— What is required —
Find the line with "Ford Mondeo 2,0 HEV Titanium stc. CVT 5d" in the entries below, then output every line from it down to the line with "Tortilla de tortilla", exactly and with no pictures.

:: Data

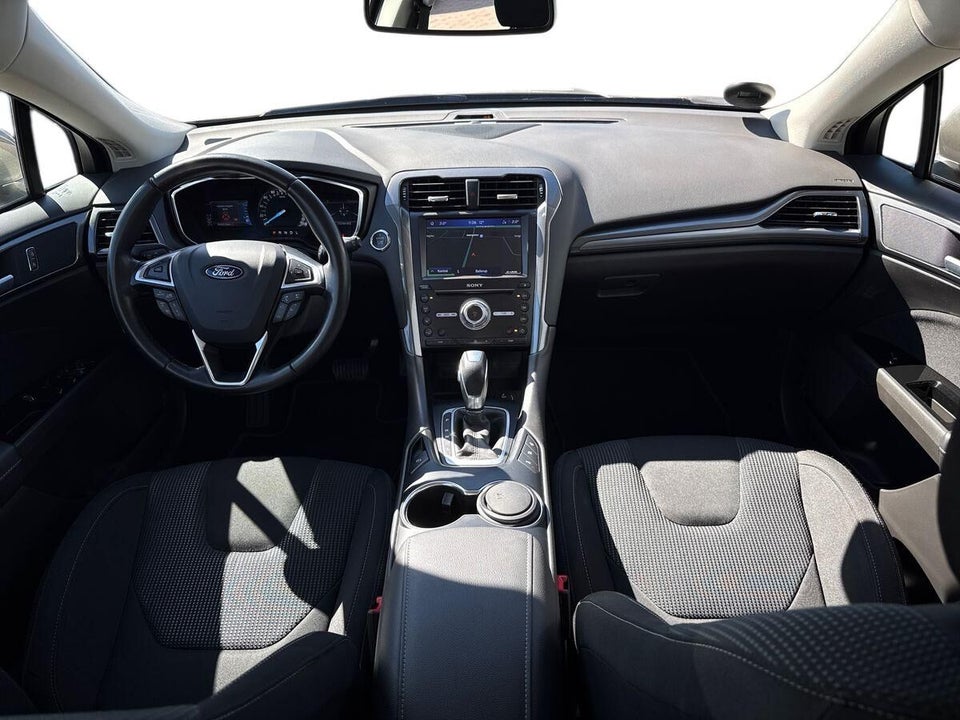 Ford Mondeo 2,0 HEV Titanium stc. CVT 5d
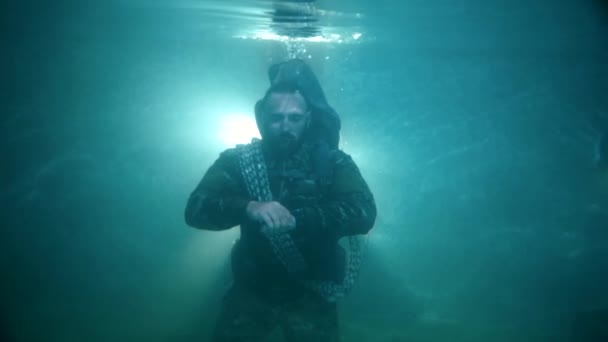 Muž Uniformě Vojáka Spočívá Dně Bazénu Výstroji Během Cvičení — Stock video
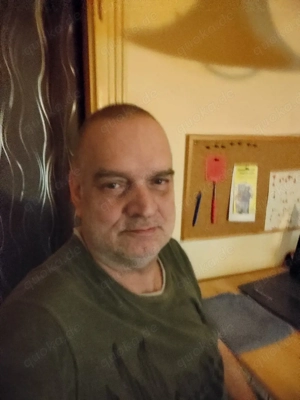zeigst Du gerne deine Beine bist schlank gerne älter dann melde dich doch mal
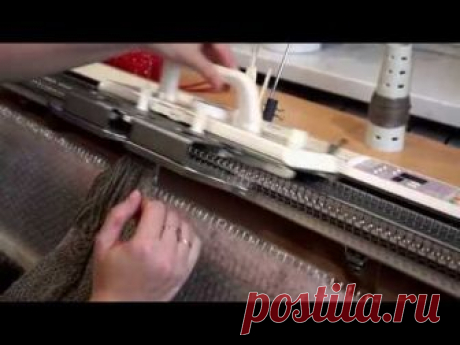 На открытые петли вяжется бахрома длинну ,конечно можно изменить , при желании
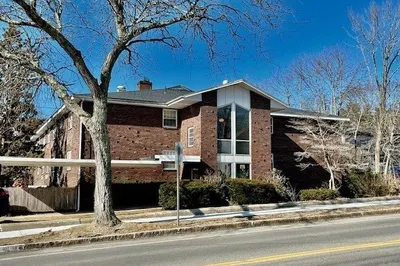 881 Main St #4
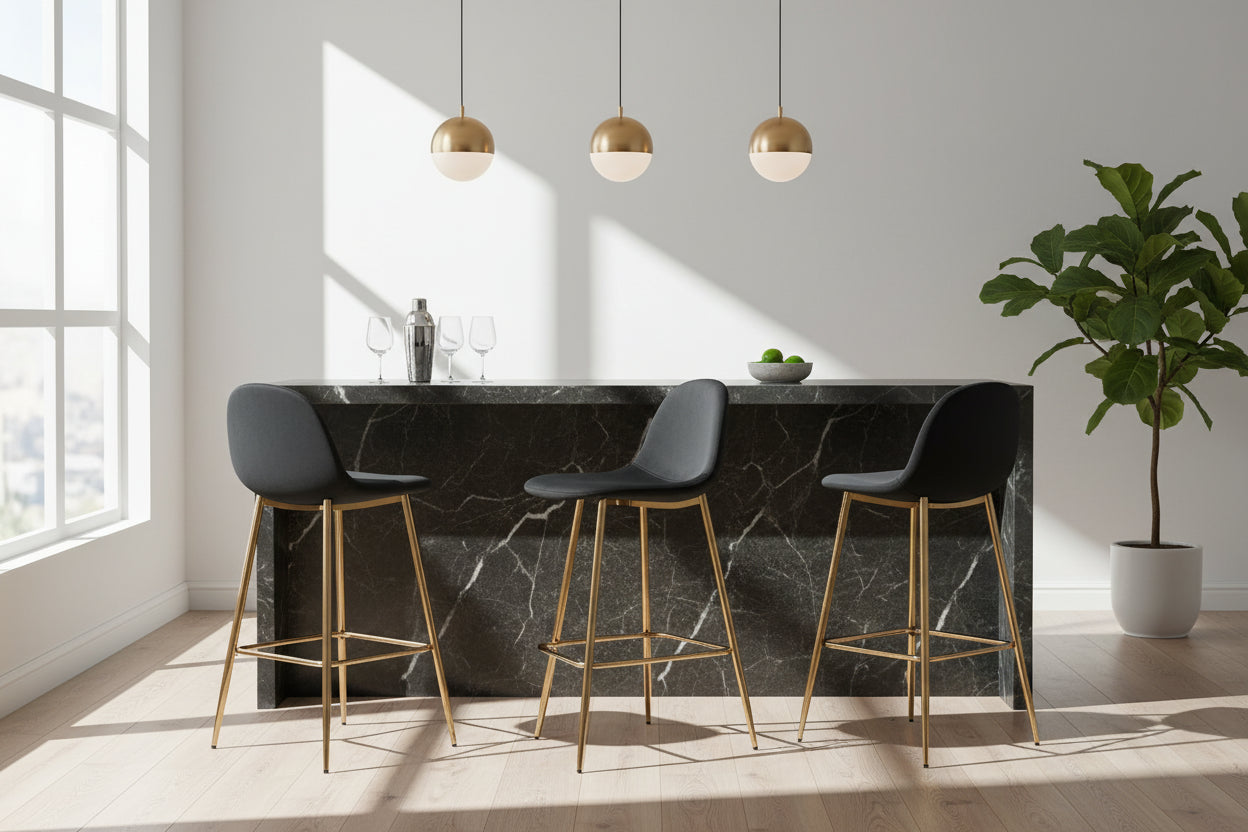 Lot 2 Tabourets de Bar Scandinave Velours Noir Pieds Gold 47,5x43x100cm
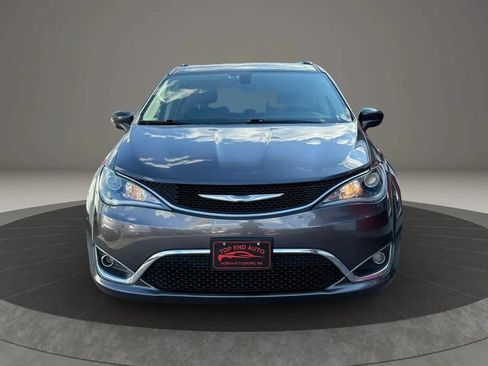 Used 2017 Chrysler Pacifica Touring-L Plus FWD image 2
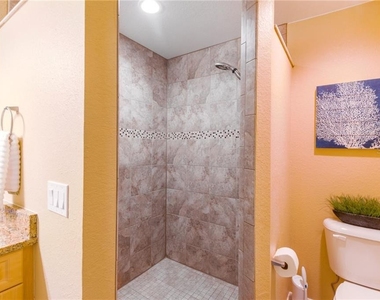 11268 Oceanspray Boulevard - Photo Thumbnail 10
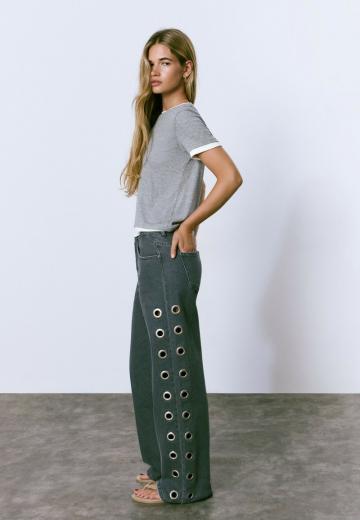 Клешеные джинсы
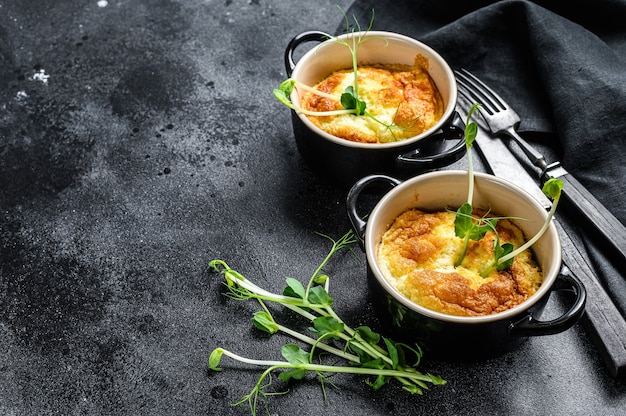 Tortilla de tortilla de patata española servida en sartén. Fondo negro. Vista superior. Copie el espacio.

::::
:: Data

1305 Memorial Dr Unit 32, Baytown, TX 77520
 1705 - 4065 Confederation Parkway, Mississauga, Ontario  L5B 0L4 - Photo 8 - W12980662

::::

— Your response —
 Ford Mondeo 2,0 HEV Titanium stc. CVT 5d
 Muž Uniformě Vojáka Spočívá Dně Bazénu Výstroji Během Cvičení — Stock video
zeigst Du gerne deine Beine bist schlank gerne älter dann melde dich doch mal
 На открытые петли вяжется бахрома длинну ,конечно можно изменить , при желании
 881 Main St #4
 Lot 2 Tabourets de Bar Scandinave Velours Noir Pieds Gold 47,5x43x100cm
 Used 2017 Chrysler Pacifica Touring-L Plus FWD image 2
 11268 Oceanspray Boulevard - Photo Thumbnail 10
 Клешеные джинсы
 Tortilla de tortilla de patata española servida en sartén. Fondo negro. Vista superior. Copie el espacio.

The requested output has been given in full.